Jalan Ceylon in the old days!
Great place for fun
upmarket redlight district

----------


## DrAndy

I have always stayed at the Park Royal, a nice hotel that is a bit old and therefore cheaper, just down the road from BB

great service and free weekends at their Penang beach hotel for long stay guests

about US90 so not the cheapest

----------


## Pol the Pot

If you're not on a tight budget you could have a look at the boutique hotels in "Heritage Walk", one further down from Jalan Alor.

Park Royal is the old Regent. The rooms are very small.

----------


## mr Fred

> If you're not on a tight budget you could have a look at the boutique hotels in "Heritage Walk", one further down from Jalan Alor.
> 
> Park Royal is the old Regent. The rooms are very small.

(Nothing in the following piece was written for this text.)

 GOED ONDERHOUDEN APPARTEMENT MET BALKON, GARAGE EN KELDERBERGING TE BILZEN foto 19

Old thread but it may be useful for anyone thinking of staying in that area.

The large hotels are fine and you won't have problems.

DO NOT stay in the budget hotels in BB. Apart from being a great shopping area with a many and varied selection of food, it's also a red light area.
The cheap hotels are generally filthy anyway but are usually knocking shops with room rates available by the hour.
If you want a sub RM100 hotel, go to Jalan Petaling (Chinatown). Lots of far better hotels there.

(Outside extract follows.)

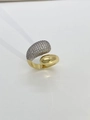 Detail eines vergoldeten offenen Rings mit funkelndem, zirkonbesetztem Tropfendesign - Ring / Zweifarbig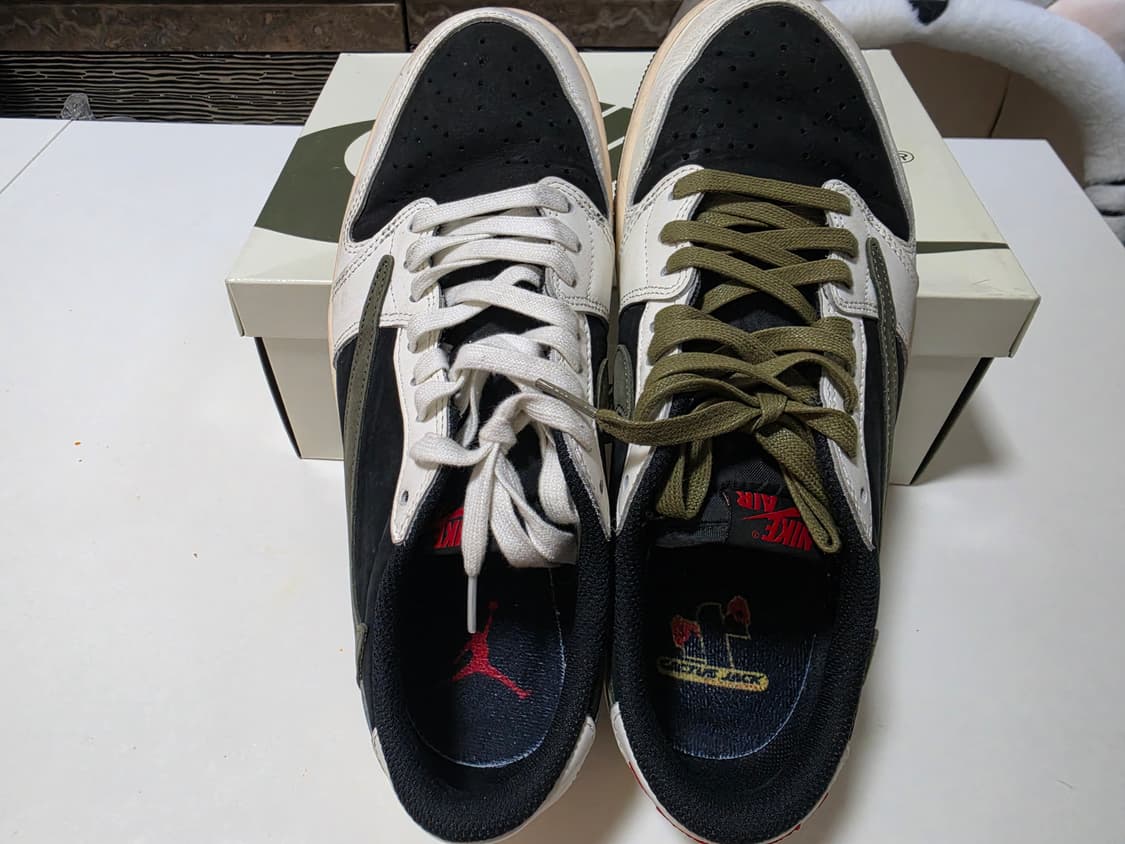 트래비스 스캇 레트로 로우 미디움 올리브 270 상품이미지2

Westerners will get the pimps trying them for trade. The conversation goes.

Pimp bastard; "Young lady sir?"
Tourist; "Get lost"
Pimp; "ah, young boy?"

At this point it's not a good idea to beat him to a sloppy pulp in the middle of the street as he deserves because they may be a gang of them.

If you are a lot bigger than him (And most westerners are) say "Pukimak" and he will get the idea. That is a jolly unpleasant word and should not be used in polite society.

Most westerners will puke at the food in Jalan Alor but it is pretty good when you get to understand the country.
Don't worry about the rats. They only eat scraps from the floor and the cats keep them away much of the time.

----------


## mr Fred

Do not stay in the comfort inn. Lonely planets describes it in one way but, after staying there, I can assure you it's a filthy shit tip.

----------


## Beautiful World

Just got back...my recommendation would be rainforest...google it...upmarket Backpackers.... 1100bt-1600bt inc simple buffet breakfast. Great location...Bukit bintang changkat was a great experience, lots of cool and upmarket bars and restaurants...something thailand lacks..

----------


## Pol the Pot

> Bukit bintang changkat was a great experience, lots of cool and upmarket bars and restaurants


Agree. Great place for an evening out.

----------


## WujouMao

> Do not stay in the comfort inn. Lonely planets describes it in one way but, after staying there, I can assure you it's a filthy shit tip.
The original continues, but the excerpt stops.